# Retinol for dry skin?



## bunnylover (May 11, 2008)

Hi everyone,

Can people with dry skin use retinol? I hardly get pimples because I have dry skin. But I've been reading articles stating that people in my age group (I'm 30) should start using a product containing retinol for anti-aging. Does retinol help with sagging/elastin beside wrinkles/collagen? I also read retinol thins out the skin, so won't that cause sagging??

And comments? Thanks.


----------



## Dragonfly (May 11, 2008)

Don't waste your money on over the counter products containing retinol.

Get you doctor to prescribe Retin A or another product that contains Tretinoin. Products that contain Tretinoin can be prescribed for cosmetic purposes.

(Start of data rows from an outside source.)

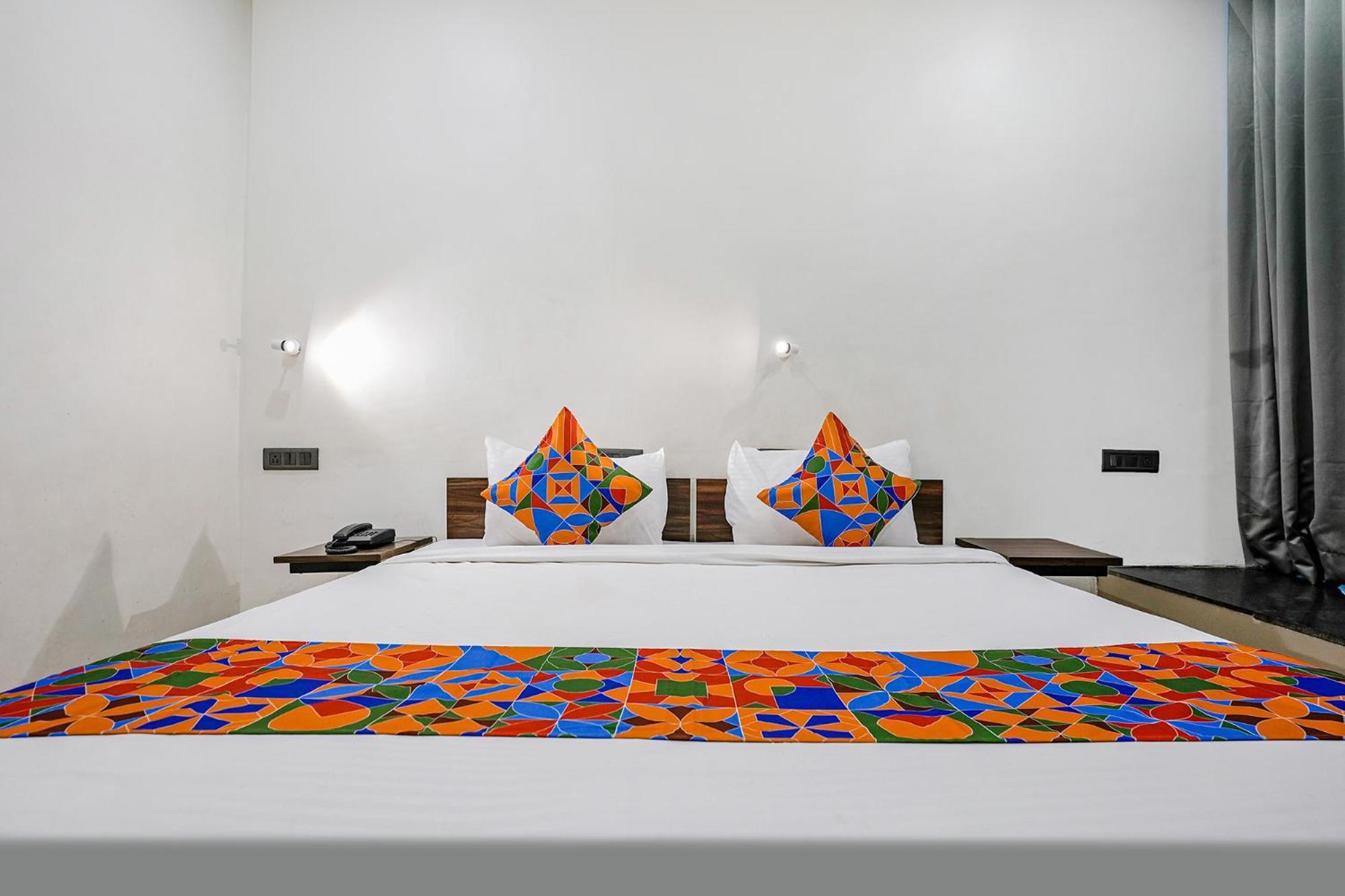 Fabhotel Lotus I Surat Exteriör bild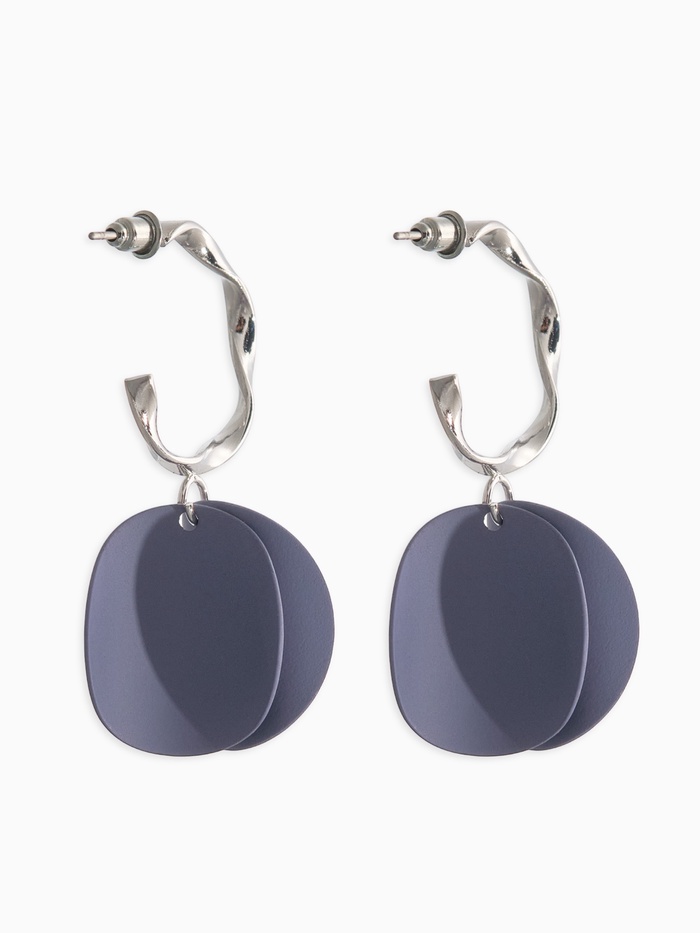 Серьги «Лепесточки на кольце», серые в серебре - Фото 1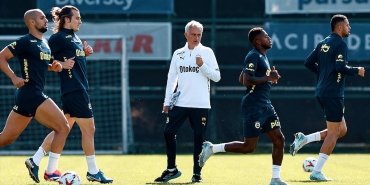mourinhodan-guvence-gelisecegiz-ve-kazanacagiz-QMfxBwkI.jpg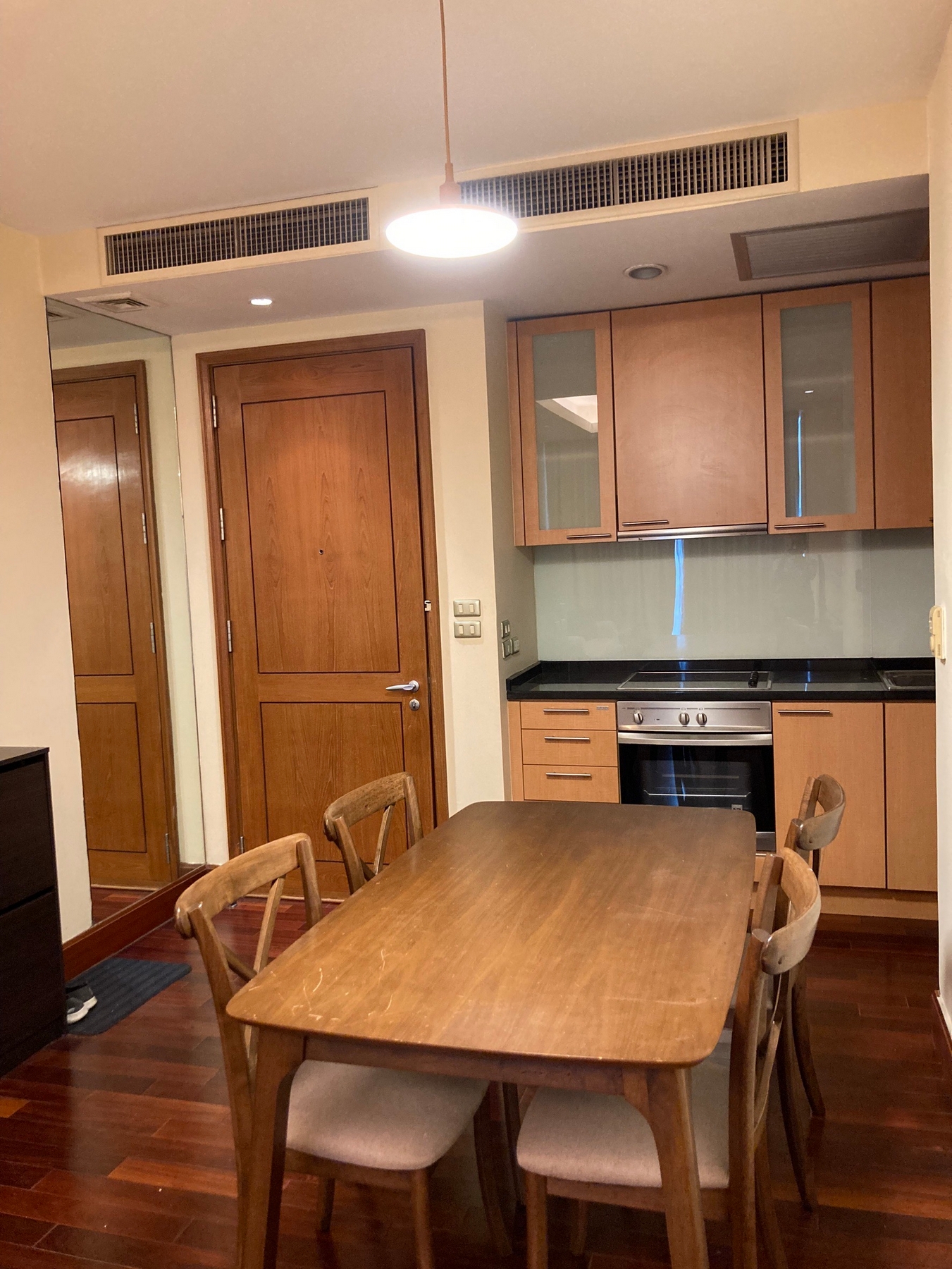 1-Bed Condo near BTS/MRT at Sky Villas Sathorn 4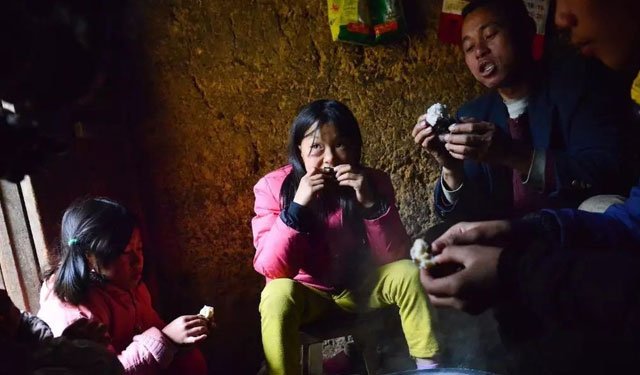 红泥小屋中的炉火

Retin A can be drying, so start our very slowly until your skin gets use to it - your doctor will explain all of that.

Prescribed Tretinoin products are the only ones that can stop skin from wrinkling and help remove wrinkles already in place. Absolutely no over the counter product can help with wrinkling - other than make it appear that they are doing something.

And Tretinoin does help replenish collagen as well.

Make an appointment with your doctor to discuss if a product like Retin a will benefit your skin.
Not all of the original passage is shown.